TASK OBJECTIVE
Using the records below, transcribe word for word the stretch from the line that contains "中古 トゥリーナ ラファガ" through the line that contains "jsearsdesigneye", both end lines included, and nothing else.

GIVEN RECORDS
▬▬▬▬▬▬▬▬▬▬

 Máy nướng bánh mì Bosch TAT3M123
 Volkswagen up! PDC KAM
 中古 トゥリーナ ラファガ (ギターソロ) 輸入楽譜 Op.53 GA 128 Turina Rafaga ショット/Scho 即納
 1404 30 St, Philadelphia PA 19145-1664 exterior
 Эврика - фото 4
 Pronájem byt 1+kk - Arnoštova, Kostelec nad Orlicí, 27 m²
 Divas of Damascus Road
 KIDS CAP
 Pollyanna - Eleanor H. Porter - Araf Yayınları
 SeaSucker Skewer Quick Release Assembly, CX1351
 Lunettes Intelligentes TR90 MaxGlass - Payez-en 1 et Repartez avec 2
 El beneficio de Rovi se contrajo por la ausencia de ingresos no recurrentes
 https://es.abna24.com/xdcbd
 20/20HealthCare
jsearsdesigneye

▬▬▬▬▬▬▬▬▬▬

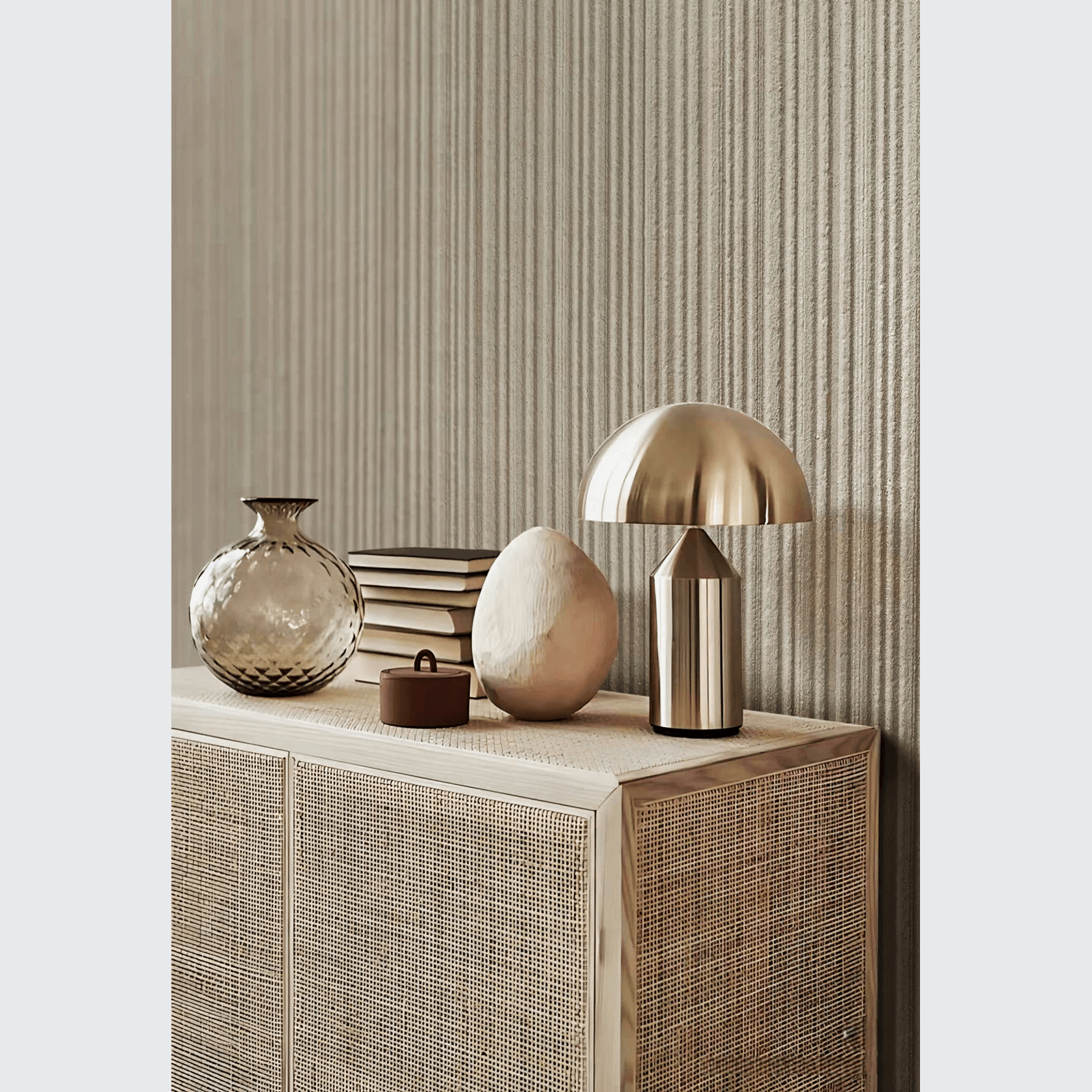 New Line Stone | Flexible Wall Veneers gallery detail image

▬▬▬▬▬▬▬▬▬▬

RESULT FOR THIS EXERCISE
 中古 トゥリーナ ラファガ (ギターソロ) 輸入楽譜 Op.53 GA 128 Turina Rafaga ショット/Scho 即納
 1404 30 St, Philadelphia PA 19145-1664 exterior
 Эврика - фото 4
 Pronájem byt 1+kk - Arnoštova, Kostelec nad Orlicí, 27 m²
 Divas of Damascus Road
 KIDS CAP
 Pollyanna - Eleanor H. Porter - Araf Yayınları
 SeaSucker Skewer Quick Release Assembly, CX1351
 Lunettes Intelligentes TR90 MaxGlass - Payez-en 1 et Repartez avec 2
 El beneficio de Rovi se contrajo por la ausencia de ingresos no recurrentes
 https://es.abna24.com/xdcbd
 20/20HealthCare
jsearsdesigneye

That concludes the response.